Gotsangpa passa quatre ans au Mont Kailash et y laissa de nombreuses empreintes de ses mains, ses pieds et toutes sortes de différentes empreintes, notamment à Drira Phug, la grotte où Gotsangpa laissa une empreinte de son chapeau. Il dit que tout être qui entrerait dans cette grotte renaîtrait dans des royaumes supérieurs. Il nomma cette grotte d'après un yak femelle, qui s'appelle "dri" en tibétain, qu'il croyait être une émanation de la Dakini à la face de lion envoyée par son gourou pour le guider sur la kora. La dri disparut au-dessous de la grotte actuelle après y avoir laissé des empreintes de ses pattes sur une roche près de la grotte et des empreintes de ses cornes à l'intérieur. Ainsi, le nom complet de Drira Phug, qui est Dri Thim Drira Phug, signifie "la grotte où la drong disparut et laissa des empreintes de ses cornes".
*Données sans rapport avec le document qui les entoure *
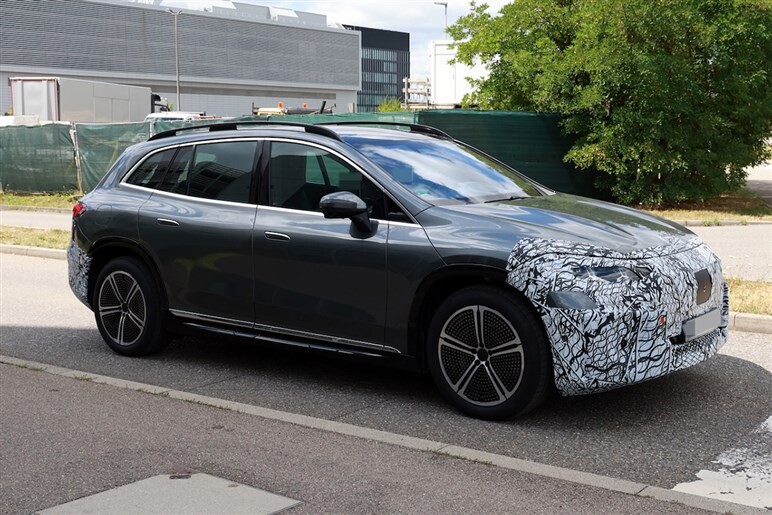 EVフラッグシップに黄信号？ 北米でメルセデス・ベンツ「EQSシリーズ」の販売が半減。セダンに続いてSUVも路線修正へ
Gotsangpa voyagea également jusqu'à Keylang, au Lahaul, jusqu'à la grotte de Gotsang au Ladakh (qui se trouve au-dessus du monastère de Hémis), à Tsari au Tibet (un endroit sacré de Chakrasamvara découvert par Tsangpa Gyaré) et à beaucoup d'autres endroits dans l'Himalaya. Il trépassa en 1258 à l'âge de 70 ans.
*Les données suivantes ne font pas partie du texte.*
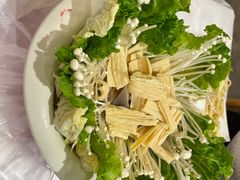-霄汉牛三鲜湖北砂锅菜(万松园2店)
Les disciples de Gotsangpa devinrent connus comme "Töd-Druk" ou les Drukpas supérieurs. En accord avec la demande faite par de nombreux disciples ainsi que des moines et des nonnes des Töd-Druk qui se trouvent éparpillées dans beaucoup d'endroits de l'Himalaya, j'ai pris la responsabilité personnelle d'établir un centre de formation monastique pour les pratiquants masculins et féminins, un institut éducatif et un centre social afin de reconstituer la lignée des Töd-Druk, une partie de notre ordre du Dragon, au Sikkim. Mon parrain Félix et son épouse Shirly ont très gentiment offert de partager cette lourde responsabilité avec moi. Je voudrais les en remercier. Étant donné qui je suis, je dois travailler très dur pour restaurer beaucoup de morceaux historiques et de patrimoine, tant spirituels que physiques, relevant de plus de 800 ans de notre héritage et de notre responsabilité. Je suis très ému de savoir que beaucoup de personnes, mes amis et mes étudiants, proposent si souvent de partager cette responsabilité avec moi, avec une direction en un point. Mon souhait est que notre lignée continuera à vivre tant que durera l'espace, tant que nous pourrons bénéficier les innombrables êtres avec la bénédiction, l'amour, la sagesse et la compassion purs et non contaminés de notre lignée et de ses aïeuls.

Eh bien, je ne sais pas si notre bon karma mûrira à temps pour notre visite au Mont Kailash l'année prochaine, mais je prie et j'espère que vous vous joindrez à moi dans cette prière d'aspiration aussi.

Il y a beaucoup de choses à vous dire au sujet de Gotsangpa. Je voulais juste vous donner une introduction très courte, et après trois ans, je crois, la vénérable Jinba, une des disciples du défunt Khamtrul Rinpoché qui était le plus grand héros de notre lignée, pourra montrer à nous tous la traduction complète en anglais de la biographie de Gotsangpa. Je pense que nous tous, adeptes de la lignée du Dragon, devrions l'aider à réaliser cette entreprise.

Il se fait un peu tard et je vais donner quelques enseignements. Quand je reviens, je voudrais partager quelques nouvelles merveilleuses avec vous.